Uphill battle for additional US money fund regulation

27 Aug, 2012

US authorities face a tough battle to further regulate the $2.4 trillion money market fund industry after an intense lobbying campaign and internal dissension defeated a proposal at the Securities and Exchange Commission.
The action now likely moves to the Financial Stability Oversight Council, a group including leading regulators and the Treasury Secretary, established by the 2010 Dodd-Frank Act to eliminate threats to the financial system that might otherwise fall through the gaps between agencies.
But the council will have to overcome the same industry forces that turned back the SEC plan and it has less clear authority over fund matters, according to legal analysts.

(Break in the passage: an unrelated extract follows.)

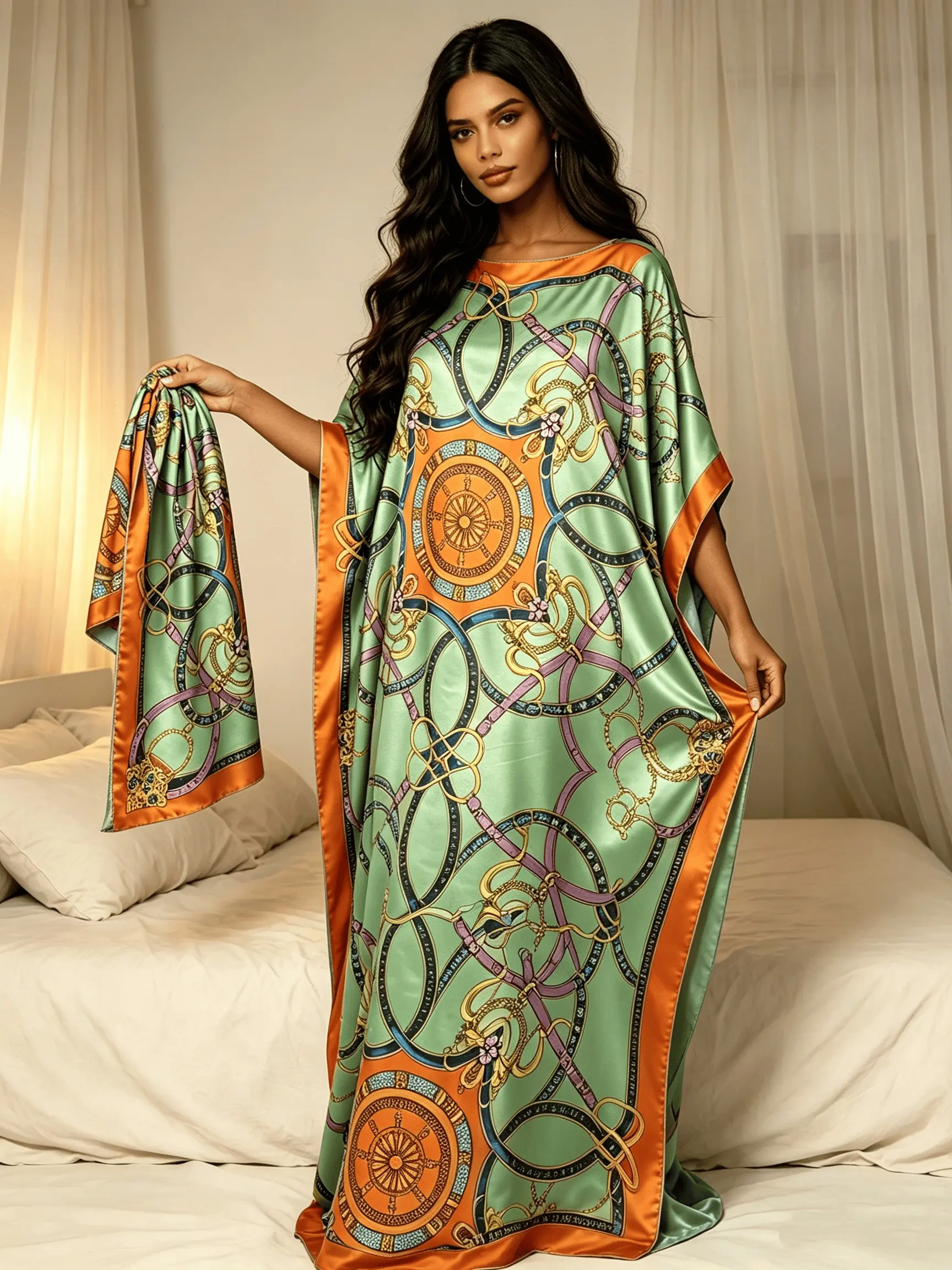 Women Oversized Mint Green Vintage Chain Printed Caftan Maxi Dress With Scarf, Loose Flowy Split Side Kaftan Robe, Curvy Friendly Plus Size Beach Cover Up, Casual Boho Elegant Resort Wear, Bohemian Lounge Night Gown, Summer Pool Va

And, because the group is chaired by Treasury Secretary Timothy Geithner, the upcoming presidential election could dramatically change FSOC's focus before it has time to act.
Geithner "lacks the time and, more importantly, the personal conviction and credibility to drive this through in the remaining days of his tenure," Boston University law professor Cornelius Hurley said. "If it's Romney making the appointment, the issue is dead," added Hurley, who served as assistant general counsel at the Federal Reserve under Paul Volcker.
A Treasury spokeswoman did not immediately return a message seeking comment on Hurley's criticism.
Republican Presidential candidate Mitt Romney's campaign has not responded to questions about money funds this week.
Money funds were long a sleepy corner of the fund industry, collecting money from investors and serving as leading buyers of short-term debt from corporations, municipalities and the US government.